*** Opening of Information ***

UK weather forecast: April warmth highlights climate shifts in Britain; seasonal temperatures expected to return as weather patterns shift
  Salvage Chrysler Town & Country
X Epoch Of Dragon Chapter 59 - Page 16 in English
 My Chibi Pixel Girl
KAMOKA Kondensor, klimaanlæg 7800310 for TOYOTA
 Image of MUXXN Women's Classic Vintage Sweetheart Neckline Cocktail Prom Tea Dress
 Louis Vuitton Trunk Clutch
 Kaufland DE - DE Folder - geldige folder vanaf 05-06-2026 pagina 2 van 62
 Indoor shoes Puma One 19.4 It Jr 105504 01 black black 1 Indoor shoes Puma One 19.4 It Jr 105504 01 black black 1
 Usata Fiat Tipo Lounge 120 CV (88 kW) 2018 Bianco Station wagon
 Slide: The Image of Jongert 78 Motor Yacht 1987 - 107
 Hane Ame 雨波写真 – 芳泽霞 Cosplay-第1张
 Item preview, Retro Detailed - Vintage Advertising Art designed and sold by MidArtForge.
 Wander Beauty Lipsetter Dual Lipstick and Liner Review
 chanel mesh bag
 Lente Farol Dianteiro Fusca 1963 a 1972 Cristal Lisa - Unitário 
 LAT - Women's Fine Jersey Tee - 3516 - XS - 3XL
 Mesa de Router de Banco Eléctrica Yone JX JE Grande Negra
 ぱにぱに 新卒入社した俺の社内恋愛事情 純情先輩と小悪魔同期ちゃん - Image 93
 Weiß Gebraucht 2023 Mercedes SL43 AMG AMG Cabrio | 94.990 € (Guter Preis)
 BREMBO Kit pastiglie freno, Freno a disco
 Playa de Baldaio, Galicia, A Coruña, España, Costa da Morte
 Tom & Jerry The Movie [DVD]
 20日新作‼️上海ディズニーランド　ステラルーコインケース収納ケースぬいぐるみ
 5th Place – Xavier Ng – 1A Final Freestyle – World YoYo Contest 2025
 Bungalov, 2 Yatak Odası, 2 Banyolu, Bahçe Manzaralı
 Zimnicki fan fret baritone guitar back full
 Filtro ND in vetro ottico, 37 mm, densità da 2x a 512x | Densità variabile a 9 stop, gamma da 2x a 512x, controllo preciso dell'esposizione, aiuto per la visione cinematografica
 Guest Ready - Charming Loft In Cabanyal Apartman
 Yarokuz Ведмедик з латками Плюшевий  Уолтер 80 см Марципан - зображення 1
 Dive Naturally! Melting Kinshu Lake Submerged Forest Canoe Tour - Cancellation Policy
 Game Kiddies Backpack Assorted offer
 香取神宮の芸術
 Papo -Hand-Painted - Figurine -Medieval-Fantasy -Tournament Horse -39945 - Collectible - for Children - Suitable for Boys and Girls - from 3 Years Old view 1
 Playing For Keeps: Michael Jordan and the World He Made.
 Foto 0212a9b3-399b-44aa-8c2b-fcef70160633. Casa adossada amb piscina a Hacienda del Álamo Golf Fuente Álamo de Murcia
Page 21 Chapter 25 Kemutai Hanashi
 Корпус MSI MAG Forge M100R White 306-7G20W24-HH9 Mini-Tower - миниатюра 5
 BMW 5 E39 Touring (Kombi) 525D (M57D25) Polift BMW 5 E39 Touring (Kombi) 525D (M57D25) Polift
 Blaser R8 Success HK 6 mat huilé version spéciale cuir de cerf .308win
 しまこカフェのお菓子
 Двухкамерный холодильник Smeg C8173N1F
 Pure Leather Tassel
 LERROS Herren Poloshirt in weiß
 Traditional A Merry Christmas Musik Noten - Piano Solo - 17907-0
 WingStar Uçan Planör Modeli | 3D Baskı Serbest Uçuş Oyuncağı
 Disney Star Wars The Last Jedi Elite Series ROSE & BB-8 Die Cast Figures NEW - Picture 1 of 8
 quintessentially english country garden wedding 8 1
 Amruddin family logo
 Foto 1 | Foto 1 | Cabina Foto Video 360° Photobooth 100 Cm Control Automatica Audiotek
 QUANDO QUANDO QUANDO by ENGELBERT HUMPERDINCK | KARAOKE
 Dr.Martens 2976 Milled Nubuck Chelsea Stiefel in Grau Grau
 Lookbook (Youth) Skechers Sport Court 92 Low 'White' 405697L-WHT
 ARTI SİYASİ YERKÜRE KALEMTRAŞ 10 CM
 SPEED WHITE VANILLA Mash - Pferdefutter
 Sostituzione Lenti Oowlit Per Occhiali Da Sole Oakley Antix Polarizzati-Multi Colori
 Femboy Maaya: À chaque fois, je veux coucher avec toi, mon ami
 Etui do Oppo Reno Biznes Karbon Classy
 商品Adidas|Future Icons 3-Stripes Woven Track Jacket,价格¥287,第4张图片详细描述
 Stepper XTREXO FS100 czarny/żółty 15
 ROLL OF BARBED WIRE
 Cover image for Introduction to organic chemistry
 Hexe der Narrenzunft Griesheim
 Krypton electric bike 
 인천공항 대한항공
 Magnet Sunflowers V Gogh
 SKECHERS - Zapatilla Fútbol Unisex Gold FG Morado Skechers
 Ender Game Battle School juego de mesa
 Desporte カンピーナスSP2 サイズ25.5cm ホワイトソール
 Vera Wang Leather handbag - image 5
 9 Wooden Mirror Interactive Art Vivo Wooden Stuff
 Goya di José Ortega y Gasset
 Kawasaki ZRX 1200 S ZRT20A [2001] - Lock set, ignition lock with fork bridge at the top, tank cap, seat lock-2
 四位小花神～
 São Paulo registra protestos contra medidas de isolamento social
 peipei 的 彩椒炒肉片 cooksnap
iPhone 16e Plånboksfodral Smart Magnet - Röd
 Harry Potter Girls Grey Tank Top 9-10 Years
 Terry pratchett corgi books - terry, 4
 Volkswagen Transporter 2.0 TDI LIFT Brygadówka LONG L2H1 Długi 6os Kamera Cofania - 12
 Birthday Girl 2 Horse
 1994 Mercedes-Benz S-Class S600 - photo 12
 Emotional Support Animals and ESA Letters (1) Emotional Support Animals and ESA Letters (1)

*** Close of Information ***

Filter the records above, keeping each line that contains the word "Skechers".

**Task answer:**
 Lookbook (Youth) Skechers Sport Court 92 Low 'White' 405697L-WHT
 SKECHERS - Zapatilla Fútbol Unisex Gold FG Morado Skechers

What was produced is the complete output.